Steve Salerno said...

Ahh, dear Jenny, we are a long, long way from the SHAMblog of old, I fear. I am eternally grateful for the stalwarts such as yourself, but let's face it, this will never again be the vibrant meeting place/forum it once was. For one thing, no one wants to think critically anymore; people just want to lecture and condemn and vituperate and defend their respective tribes (said tribalism being no small part of why I wrote this piece). Nuance is unpopular. We live in a binary, black-and-white (literally) world.

Sharona said...

Steve, you said "defend their respective tribes". I agree, and I was wondering if you think that people are also doing that because they miss having a true connection with a "tribe"?

I have a coworker who just joined Crossfit because he's looking for a group of people to workout with and make some friends. The thing is, (two things actually) 1. Crossfit costs about 125.00 a month to workout in their "special" gym, and 2. They encourage each other to do dangerous things to their bodies. Also, it seems like a lot of people are very proud of their online Tribes (Facebook, Reddit, etc.) It's interesting that people in America want to see themselves as BOTH an individual and part of a tribe that practices groupthink for good or ill, no questioning allowed. (sorry for the ramble)

Steve Salerno said...

Welcome aboard, Sharona. Your comment about the schizoid duality of wanting to be BOTH tribal and individualistic reminds me of two groups of people, Goth teenagers and hipsters. Members of both groups proclaim themselves rebels and individuals--and yet all look exactly the same as everyone else in their tribe.

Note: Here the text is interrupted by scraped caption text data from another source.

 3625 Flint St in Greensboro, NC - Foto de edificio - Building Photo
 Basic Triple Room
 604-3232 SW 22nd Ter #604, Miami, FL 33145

I see this phenomenon also in much of self-help: people say they want to learn to get in touch with their "essential selves," and yet if you talk to folks who have immersed themselves in the popular programs (e.g. Byron Katie's, etc.), they all think and talk the same. What they've actually done is surrender their true self, not fully actualize it.

Anonymous said...

You think you're pretty clever but your motives are transparent. This is a clear swipe at black pride. Especially since I read the tweet pinned to your twitter page. Where do you come off telling people who have been oppressed by a racist society for centuries that they're not entitled to take pride in their racial achievements or their culture. Let me ask you Who do you think YOU are?

Cosmic Connie said...

Nuance may be unpopular, but we need it, and I say this as one whose views on her own blog (and on social media) are generally anything but nuanced. I think that awareness and appreciation of one's ethnic heritage -- which can be challenging if that history has been suppressed -- must be balanced with a realization of how that heritage fits into the larger culture, the "melting pot." And it has always been difficult to achieve that balance, and is perhaps even more difficult today, given the current white nationalist backlash. (I hasten to add that I do not consider you part of this backlash. I'm talking about Bannon et al.)

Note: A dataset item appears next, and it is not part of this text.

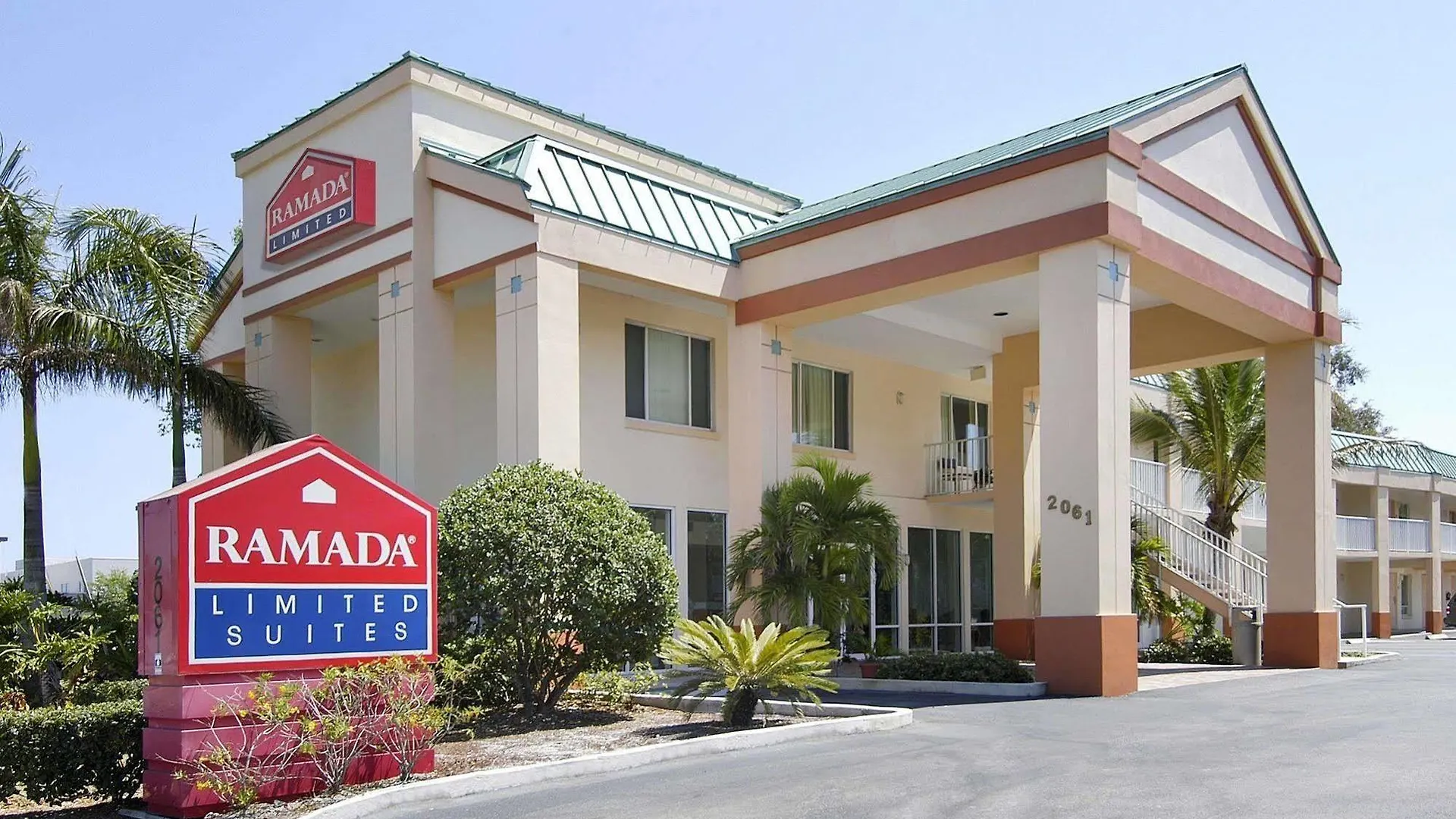 Ramada Limited And 2* Clearwater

I don't think that awareness and celebration of one's heritage is necessarily equivalent to "embracing the logic of the bigot." That said, I do think that the overall message in your essay is valid. And I respectfully disagree with the April 29 Anon who accused you of motives that I don't think are there. I've been reading your writings for eleven years, and I think I know where your heart is.

Steve Salerno said...

Well, Connie, if you know where my heart is, that makes one of us. ;)

Good to see your name pop up on a comment. I miss you and the old days.


Sharona said...

Let's make "new Days" !!!!

Cosmic Connie said...

I'm with Sharona on that one. Our blogs may have been dormant but they're not dead!